*What is expected:* Every record below should be transcribed exactly. Omit the images.
━━━━━ Data extract
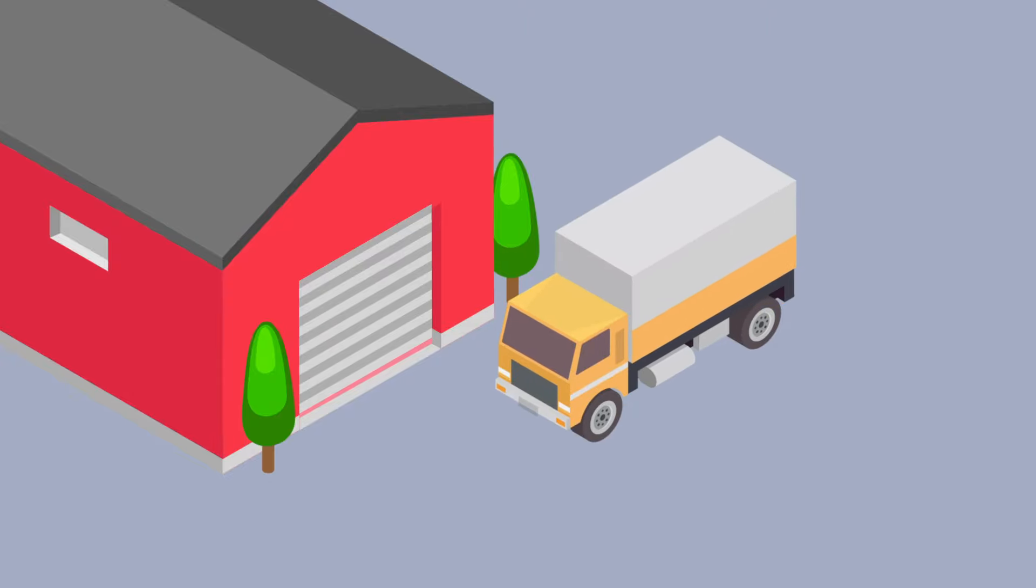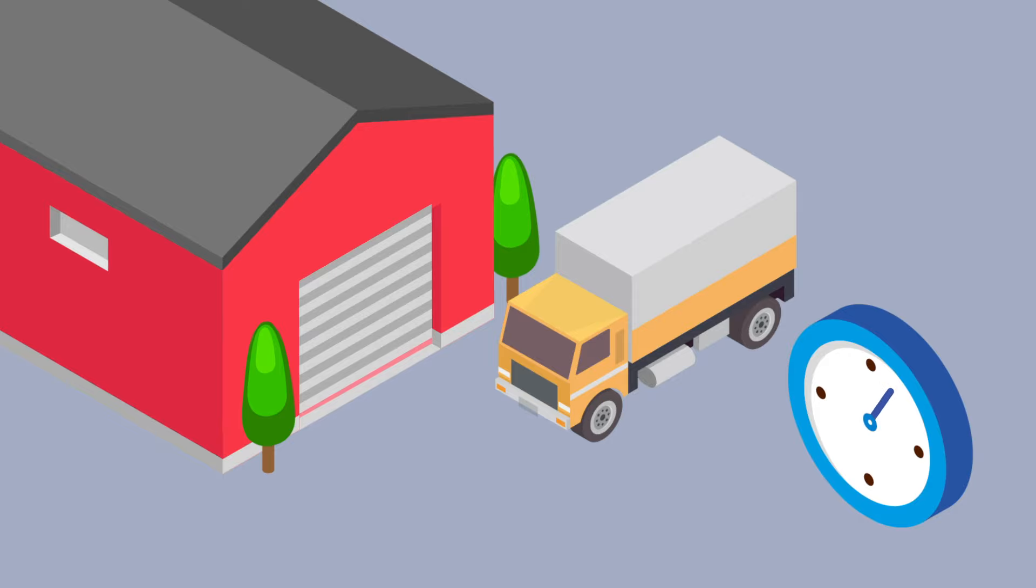Upon arrival, press the start button. This starts a stopwatch to calculate waiting time costs. The driver can also add comments and take pictures, which are saved to the main HQ system.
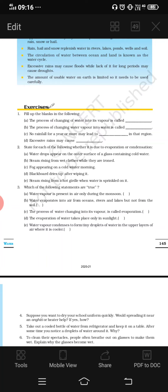Now the second question: state for each of the following whether it is due to evaporation or condensation. Some situations are given and you have to identify each one. The first situation: water drops appear on the outer surface of a glass containing cold water.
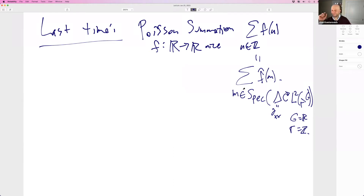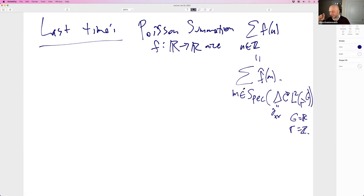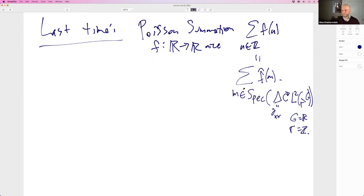I was running out of time last time and there were key features I raced through that I want to highlight. So let's review the trace formula proof one more time so that when you see the real thing, those salient features are familiar.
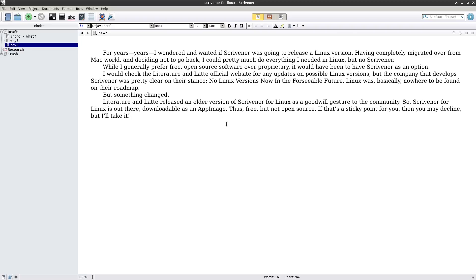For years I was wondering if Scrivener was going to release a Linux version. I had completely migrated over from the Mac world to the Linux world and decided not to go back. There was no Scrivener option, so I used Emacs, which has a lot of similar features in org mode. While I generally prefer free open source software over proprietary, it would have been nice to have Scrivener as an option. From what I read, they were developing a Linux version but decided to abandon the project. It is a much older version — like version 1.9 — but it is fully functional, and as a gesture of goodwill to the Linux community they went ahead and released the binaries. Other people packaged it into an app image so you can download it and just run it as easily as you just saw.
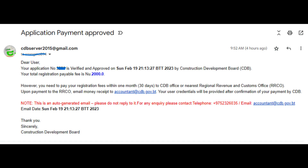Once your application is verified and approved by the CDB registration section, you will receive an email like this. Read the instructions in the mail carefully and process for payment. Once you are done with all the payment instructions as per the mail, you will receive the final mail containing your username and password.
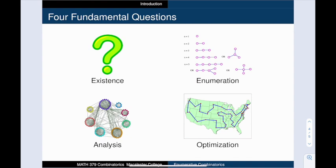Finally, we have optimization. Given a collection of objects, how do we find the best one according to some criteria, such as the longest one, or the shortest one, or the biggest or the smallest?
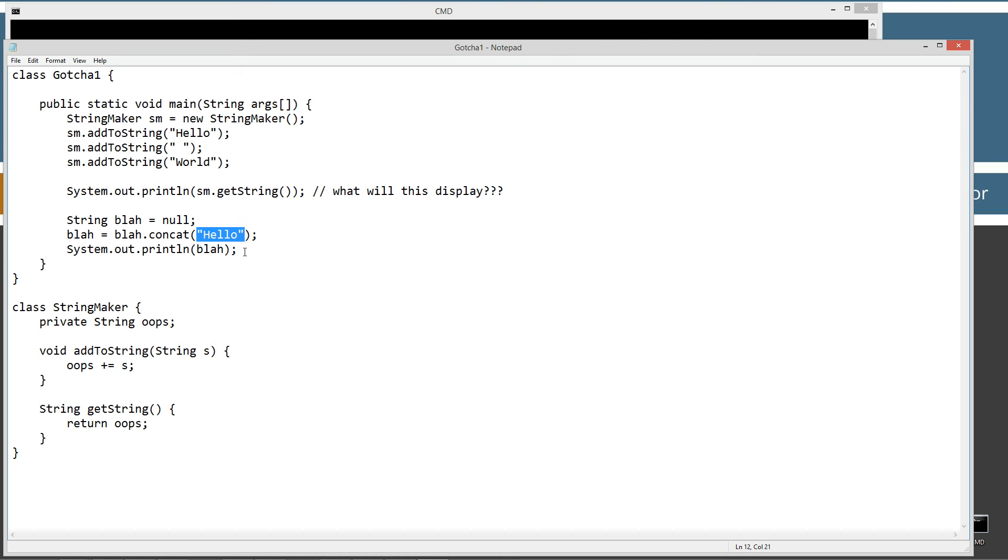And if you watch my tutorials on concat, a lot of people think that the concat operator is just the same. The concat method in the string class is the same as the plus concatenation operator. And it's completely not at all.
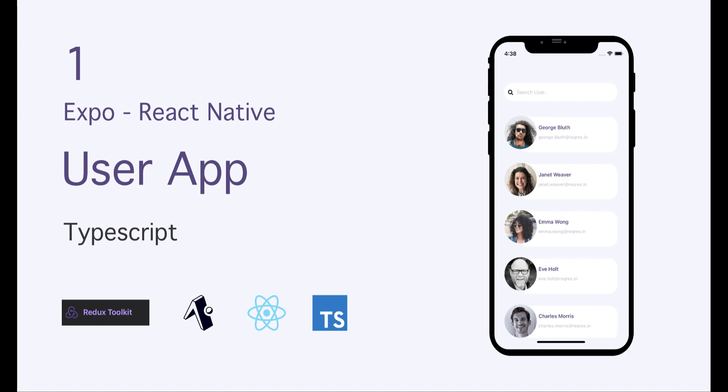Hey everyone, how's it going? In this playlist, we will implement a demo for user list. And in this demo, we're going to use Expo, RTK, and TypeScript. We will also go through how we can create custom components and much more. So let's get started.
━━━━━━━━━━
*Solved problem:*
Upon arrival, press the start button. This starts a stopwatch to calculate waiting time costs. The driver can also add comments and take pictures, which are saved to the main HQ system.
Now the second question: state for each of the following whether it is due to evaporation or condensation. Some situations are given and you have to identify each one. The first situation: water drops appear on the outer surface of a glass containing cold water.
I was running out of time last time and there were key features I raced through that I want to highlight. So let's review the trace formula proof one more time so that when you see the real thing, those salient features are familiar.
For years I was wondering if Scrivener was going to release a Linux version. I had completely migrated over from the Mac world to the Linux world and decided not to go back. There was no Scrivener option, so I used Emacs, which has a lot of similar features in org mode. While I generally prefer free open source software over proprietary, it would have been nice to have Scrivener as an option. From what I read, they were developing a Linux version but decided to abandon the project. It is a much older version — like version 1.9 — but it is fully functional, and as a gesture of goodwill to the Linux community they went ahead and released the binaries. Other people packaged it into an app image so you can download it and just run it as easily as you just saw.
Once your application is verified and approved by the CDB registration section, you will receive an email like this. Read the instructions in the mail carefully and process for payment. Once you are done with all the payment instructions as per the mail, you will receive the final mail containing your username and password.
Finally, we have optimization. Given a collection of objects, how do we find the best one according to some criteria, such as the longest one, or the shortest one, or the biggest or the smallest?
And if you watch my tutorials on concat, a lot of people think that the concat operator is just the same. The concat method in the string class is the same as the plus concatenation operator. And it's completely not at all.
Hey everyone, how's it going? In this playlist, we will implement a demo for user list. And in this demo, we're going to use Expo, RTK, and TypeScript. We will also go through how we can create custom components and much more. So let's get started.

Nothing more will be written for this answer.